Pujas werden nur "realisierten" Seelen empfohlen (Menschen, die Selbstverwirklichung erreicht haben - das Wissen um ihr Selbst); nur sie können aus diesen Pujas Vorteile für sich ziehen. "Jeglicher Gewinn und Nutzen aus einer Puja ist nur möglich, wenn du eine realisierte Seele bist. Ansonsten ist jede Puja und jede Gottesverehrung eher wertlos. Leute gehen in die Kirche, singen ein paar Kirchenlieder, kommen wieder nach Hause und sind dieselben wie vorher. Und später gehen sie dann in eine Kneipe, weil sie meinen, dass das der einzige Ort ist, wo sie ein bisschen Freude erfahren können."

Nirmala Srivastava hat noch einmal ganz klar und deutlich gesagt, dass die Puja im Sahaja Yoga nur für die Menschen gedacht ist, welche den Zustand von Nirvichara (gedankenfreies Bewusstsein) erreicht haben. Leute, welche diesen Zustand nicht erreicht haben, sollten erst gar nicht zur Puja kommen. "Zur Puja sollten wir nur Menschen haben, welche in Nirvichara verweilen… das bedeutet, jene, die immer noch denken… sollten gar nicht erst kommen… weil mit ihnen sowieso nichts anzufangen ist."

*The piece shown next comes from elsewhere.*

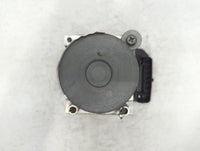 2017 Nissan Murano ABS Pump Control Module Replacement P/N:47660 9U06C Fits OEM Used Auto Parts - Oemusedautoparts1.com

Nirmala Srivastava sagte, dass die Puja für realisierte Seelen notwendig ist, um den Zustand von "Shiva Tattwa" zu erlangen: "Puja ist eine der Möglichkeiten, durch die wir Form ins Formlose auflösen können. Jetzt sind deine Zentren Energiezentren, aber sie haben auch eine schützende, leitende Gottheit auf all diesen Chakras sitzen. Sie sind auch das Formlose, was zu Form geworden ist. Und wenn wir die Puja vollziehen, dann verschmelzen diese Formen mit den formlosen Energien. Und diese formlosen Energien beginnen zu fließen, und dann bläst der Wind. Auf diese Weise werden falsche Identifizierungen, diese Überlagerungen des Geistes, weggenommen.

Auf einer kanadischen Sahaja Yoga Website wird Puja wie folgt definiert: "Ein Akt, einem Gott oder einem anderen Aspekt der Göttlichkeit seine Ehrerbietung durch Anrufungen, Gebete und Lieder zu erweisen". Es wird ferner gesagt, "dass eine Sahaja Yoga Puja dieselbe Art von Zeremonie ist, wie sie schon vor tausenden von Jahren in Osten praktiziert wurde, als die Menschheit noch eine wesentliche engere Beziehung zu Gott hatte."